Als der kahlköpfige, dicke Musiker Robertson das Zimmer betrat, sah der Inspektor ihn eigentlich schon in Handschellen. Alles setzte sich allmählich zusammen – das Opfer, der Tatort, der Täter, ja, sogar das Motiv. Natürlich war es das verdammte Geld. So ein Triangelspieler verdient nicht viel. „Herr Inspektor“, sagte Robertson leise, fast traurig, „ich möchte Ihre Aufmerksamkeit auf die Einzelheiten lenken. Ich weiß, was Sie meinen zu wissen. Aber Sie haben Pech. Die Uraufführung von Glance sollte am nächsten Donnerstag stattfinden, also am 15., und heute haben wir den zehnten. Vorgestern war ich auf der Probe. Wollen Sie Zeugen?“

17. Kapitel

Merkwürdiges Beispiel politökonomischer Bildung aus dem Stadtbezirk Prenzlauer Berg in Berlin DDR: Aus einem offenen Fenster im 4. Stock mit gutem Blick auf das halbstündige Feuerwerk aus Anlaß des Nationalfeiertags der DDR am 7. Oktober ruft ein älterer Mann: Mutti, deine Rente!

Wenn man es sich recht überlegt, so kann nichts dazu verführen, einen anderen Rang zu bekleiden als den eines Generalleutnants. Einfach General: langweilig. Generalmajor unmöglich, schon wegen Major: Tiefschlaf. Obristen zeigen auf Parkplätze und freuen sich über die Anzahl der Leute, die da sind, in der Sternchefredaktion. Dagegen hat es noch nie einen fetten Generalleutnant gegeben. In dem Rang gibt es kein Fett.

Diener hat neue Vorhänge, die Speisekarte gibt bescheiden an. Zwiebelfisch ruhiger, gut gezapft, Schwabenwirt gutes Essen, Vorsicht vor dem Hund in der Motzstraße! Rosalinde o.k., wenn man auf Atmen verzichtet. Mario für Schaumbühnentouristen, Ciao Luftverbot, Sauna, sonst gut.
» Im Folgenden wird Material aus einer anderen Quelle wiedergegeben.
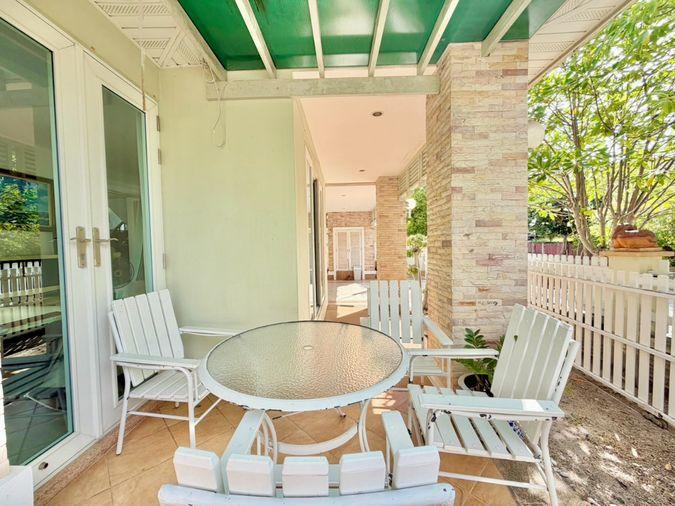 picture Rare Find! 100 Sq.w. Single House at Casalunar with Private Beach Access - 47/49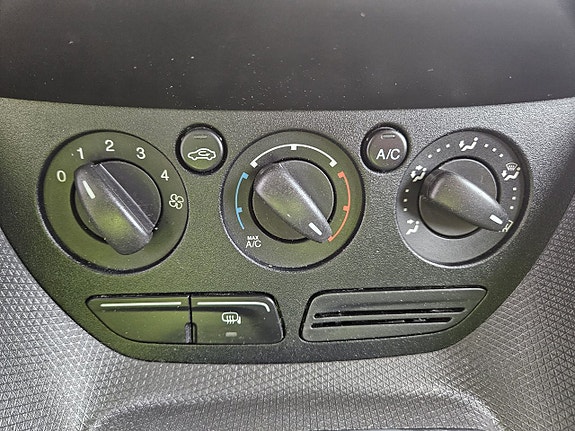 Ford Transit Connect 18 of 20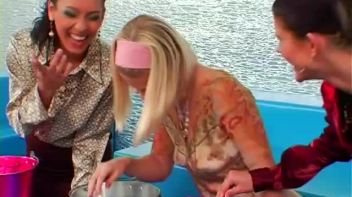 Fully Clothed Jell-O Nastiness Screencap 2 on www.sinx.com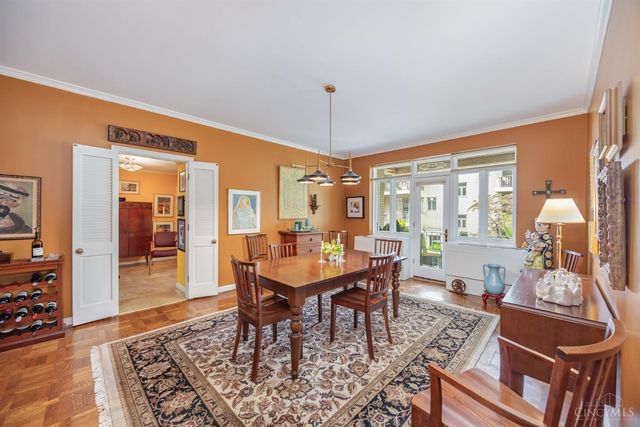 2374 Madison Road, Cincinnati, OH 45208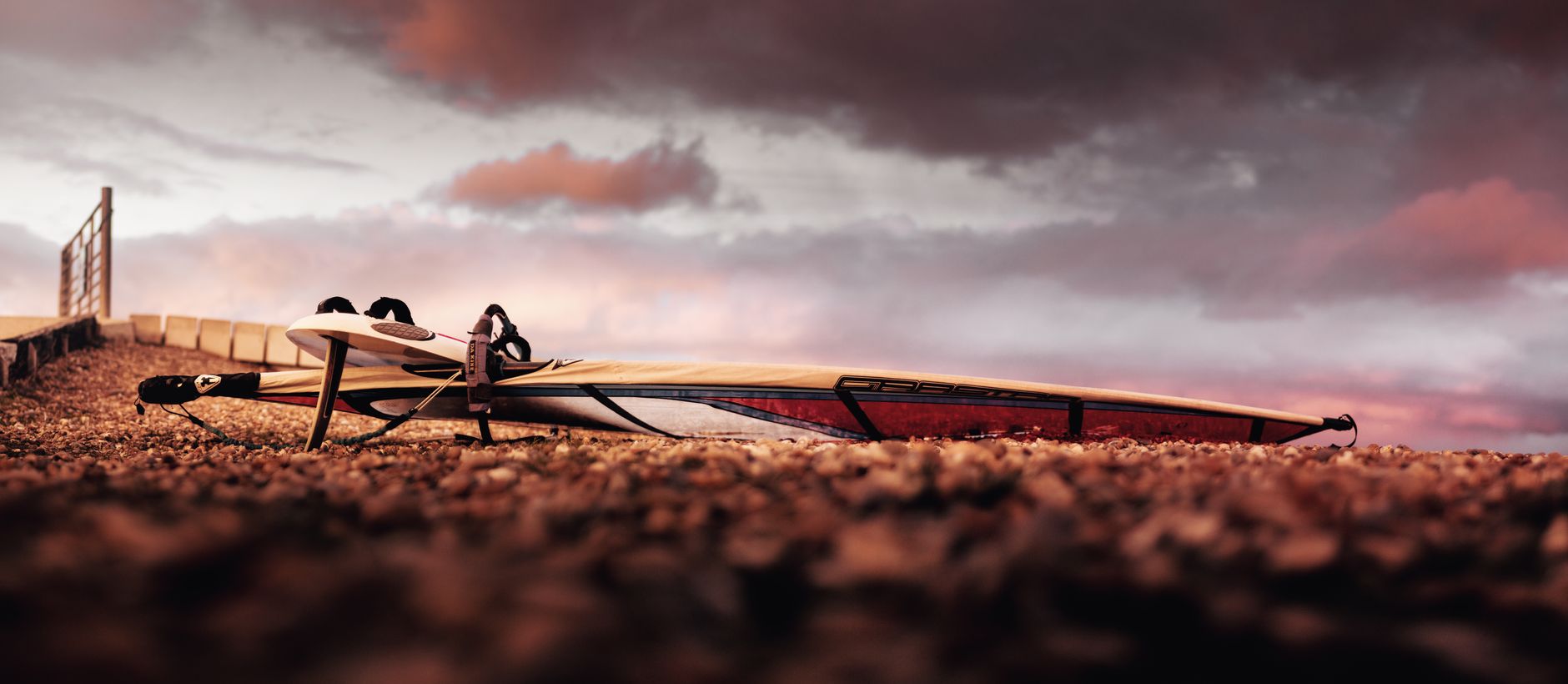 Windsurfista na costa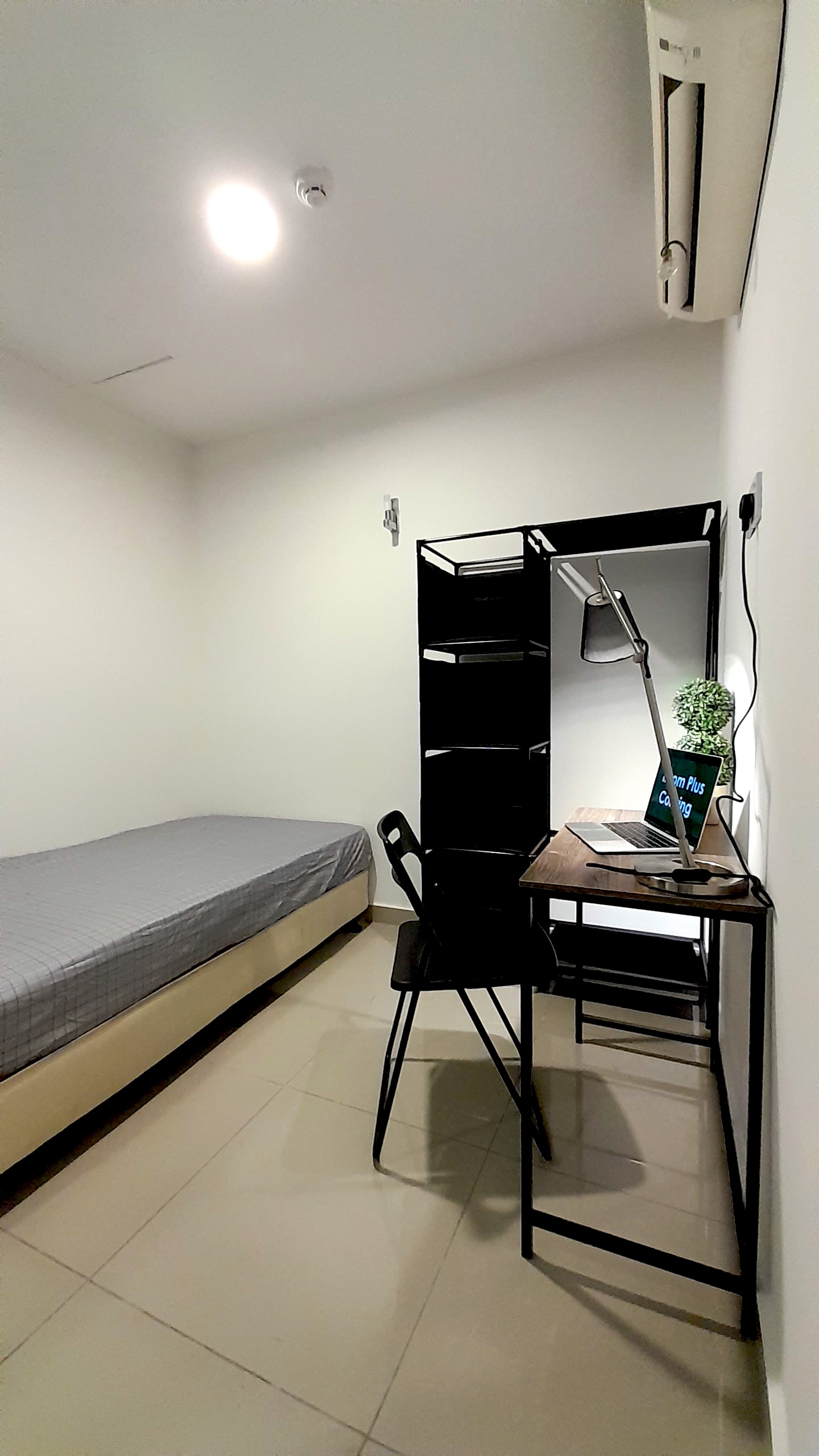 Room Plus 205 05TM136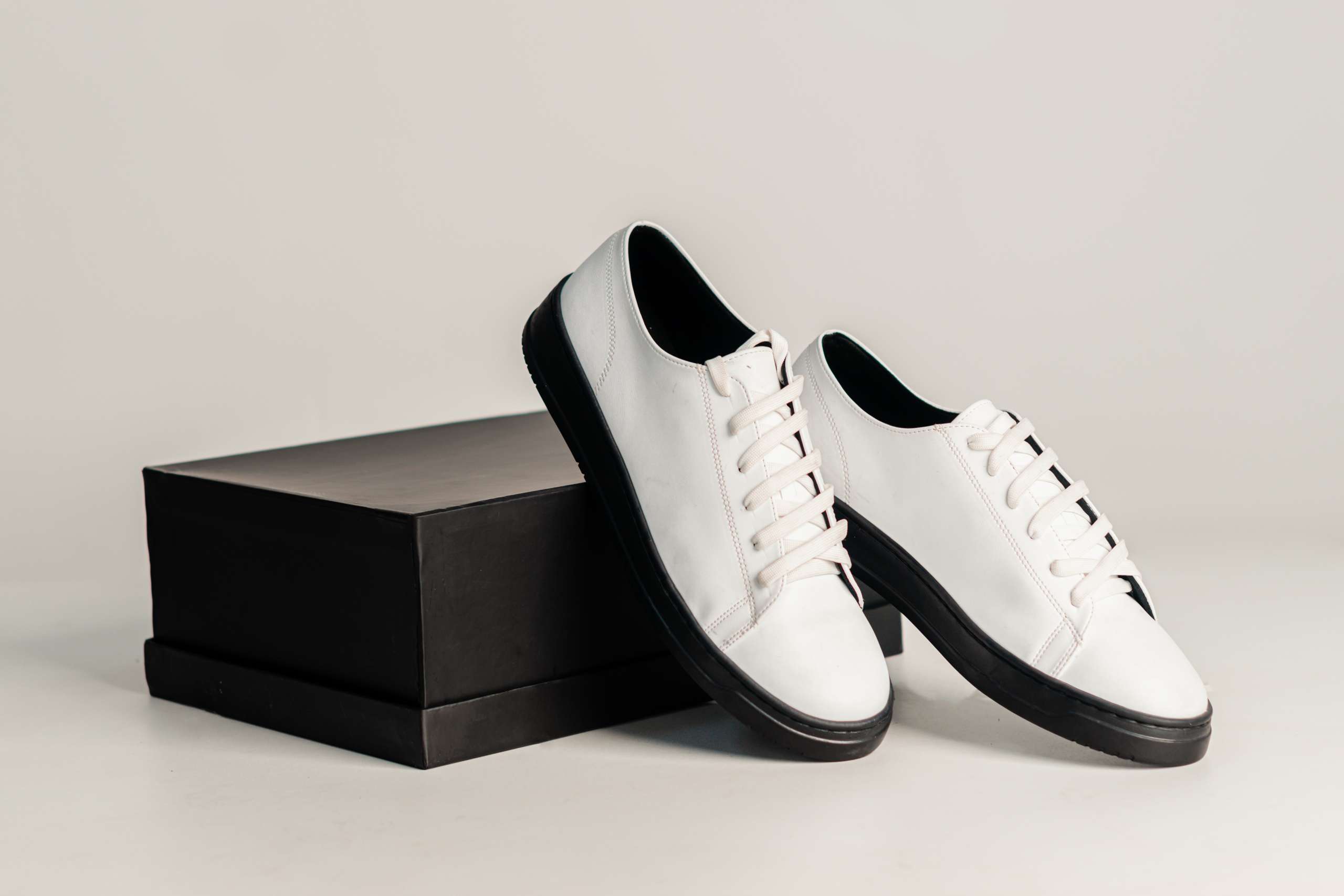 Audi Sport Minimalist Low-Top Sneakers (White)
Der Taxifahrer Richard O. aus Lichtenberg, Berlin DDR, als vor ihm an der Kreuzung ein Wagen mit dem Schweizer Kennzeichen bei Grün nicht anfuhr: Fahr los, Tell, der Appel is grün!

18. Kapitel

Böse sieht es mit dem hiesigen Steinkohlebergbau aus. Im Jahre 1987 kostete unseren durch Rüstungsausgaben ohnehin ausgepowerten Staat die unsinnige Erhaltung der Arbeitsplätze in diesem maroden Wirtschaftszweig nicht weniger als 10,3 Milliarden DM. Doch glücklicherweise wird sich unser Staat von dieser Bürde befreien. Schließlich ist er kein Maulesel für x-beliebige Kumpels. Der Anblick von 30.000 rußigen Kumpels auf den Straßen des Ruhrgebiets wird dem reingewaschenen, sauberkeitsbedürftigen hiesigen Bürger erspart bleiben. Denn unser gütiger Bundeswirtschaftsminister schlug, um uns Verbraucher, die wir ohnehin immerfort belastet werden, zu entlasten, eine Entlastung durch den Abbau der gemeingefährlichen Subventionen des Steinkohlebergbaus und der Arbeitsplätze von 30.000 Kumpels vor, die den Staat sage und schreibe 63.000 DM pro Kopf kosteten.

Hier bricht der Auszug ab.